■ **AVAILABLE RECORDS**
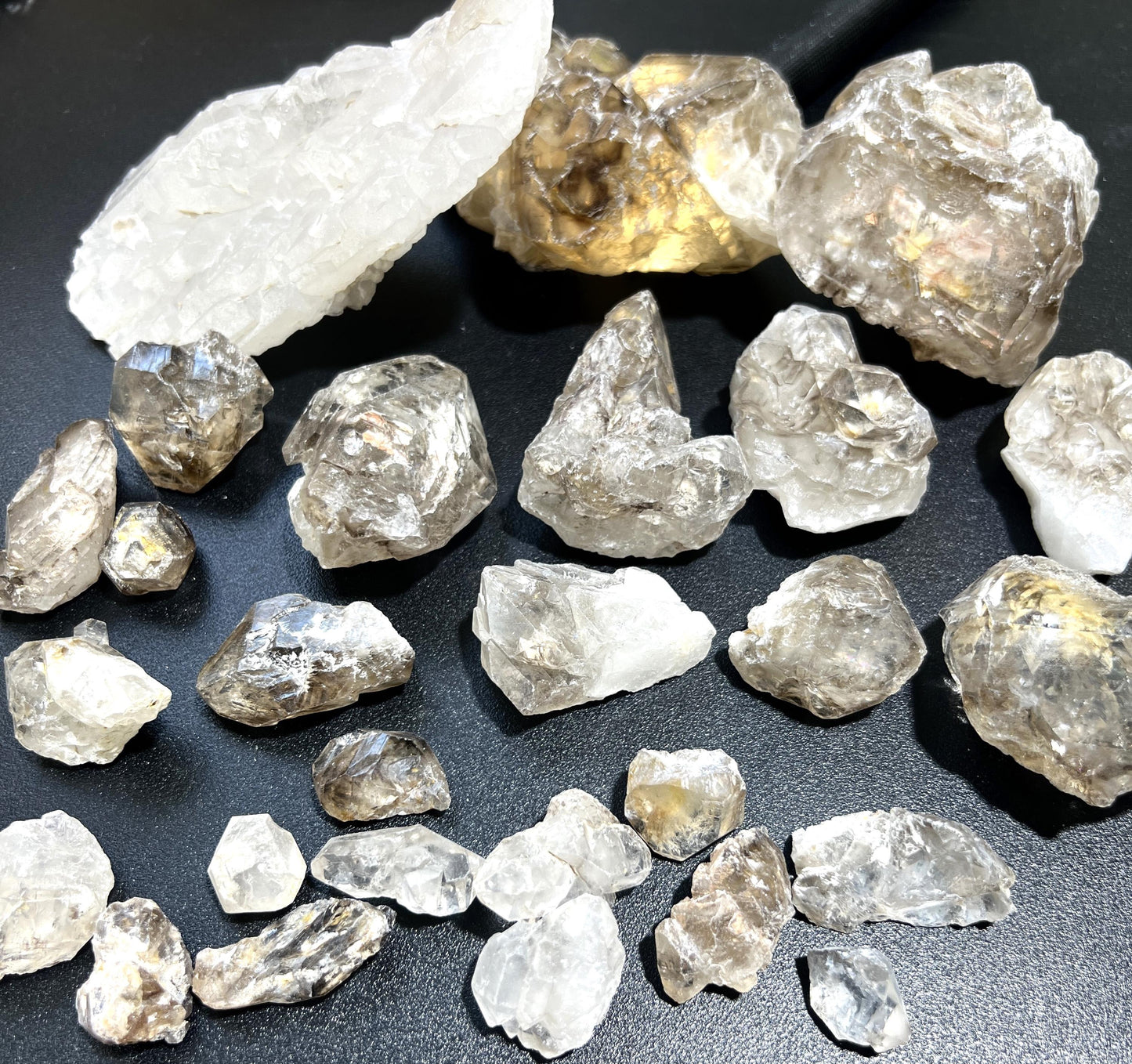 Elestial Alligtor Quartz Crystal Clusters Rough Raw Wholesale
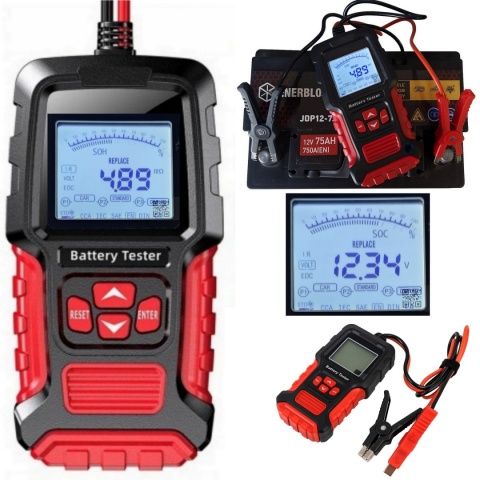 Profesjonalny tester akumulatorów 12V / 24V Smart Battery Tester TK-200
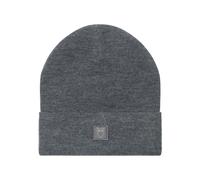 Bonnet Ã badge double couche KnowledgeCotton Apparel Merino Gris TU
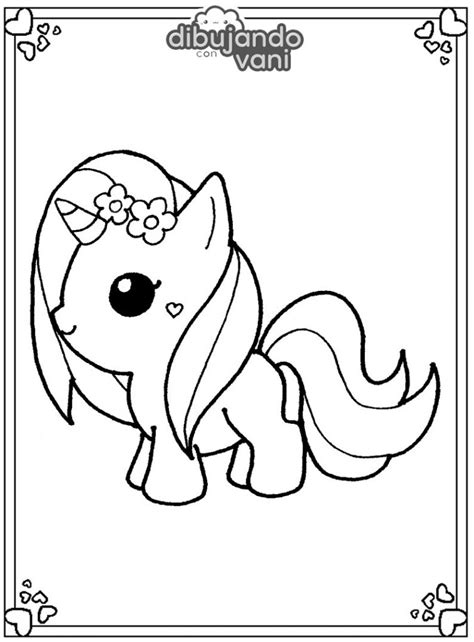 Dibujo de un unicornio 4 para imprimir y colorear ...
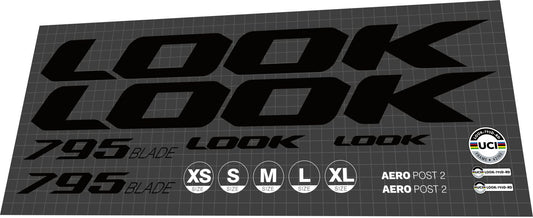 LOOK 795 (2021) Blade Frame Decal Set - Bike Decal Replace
...
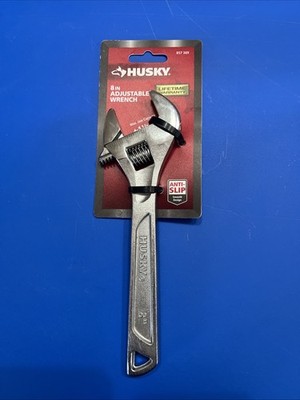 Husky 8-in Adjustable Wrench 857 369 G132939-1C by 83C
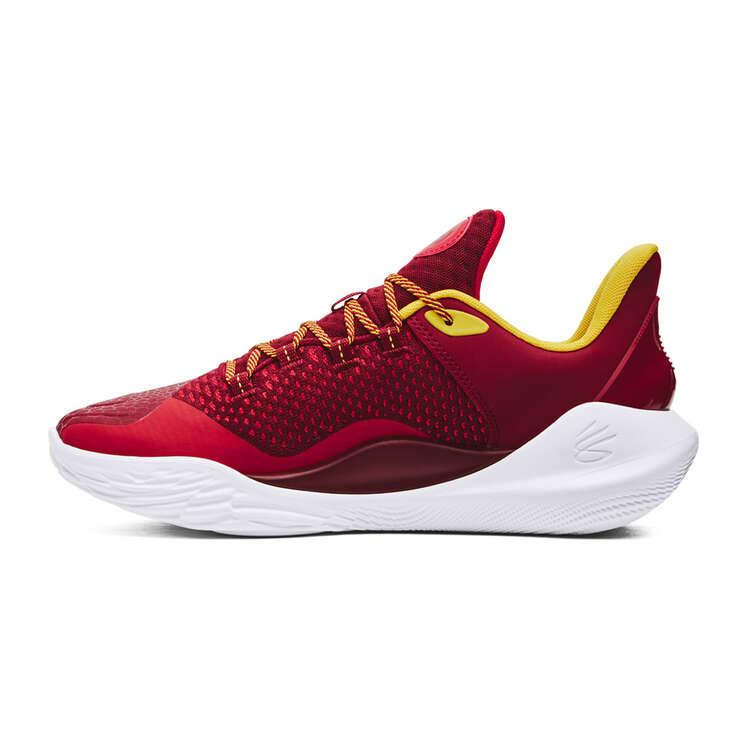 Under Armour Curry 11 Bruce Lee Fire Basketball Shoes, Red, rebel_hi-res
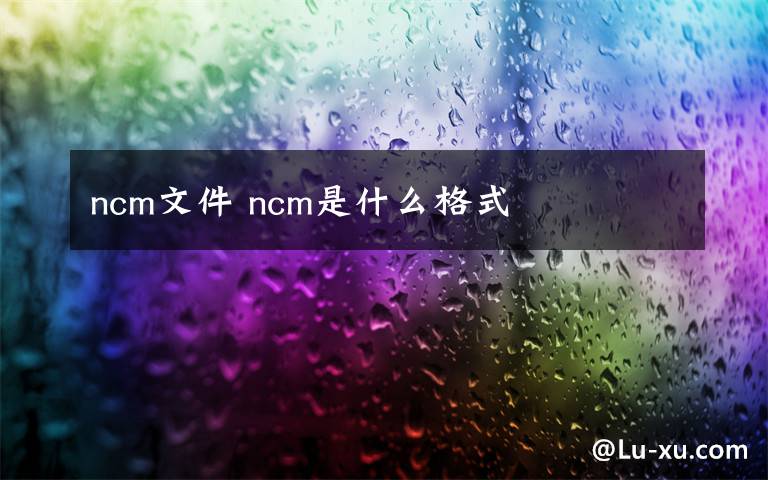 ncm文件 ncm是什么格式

■ **PROBLEM STATEMENT**
From the listing above, please give again the lines that begin with the line holding "Dibujo de un" and go on through the line holding "LOOK 795 (2021)", exactly, both ends included, minus any picture.

■ **RESULT FOR THIS TASK**
 Dibujo de un unicornio 4 para imprimir y colorear ...
 LOOK 795 (2021) Blade Frame Decal Set - Bike Decal Replace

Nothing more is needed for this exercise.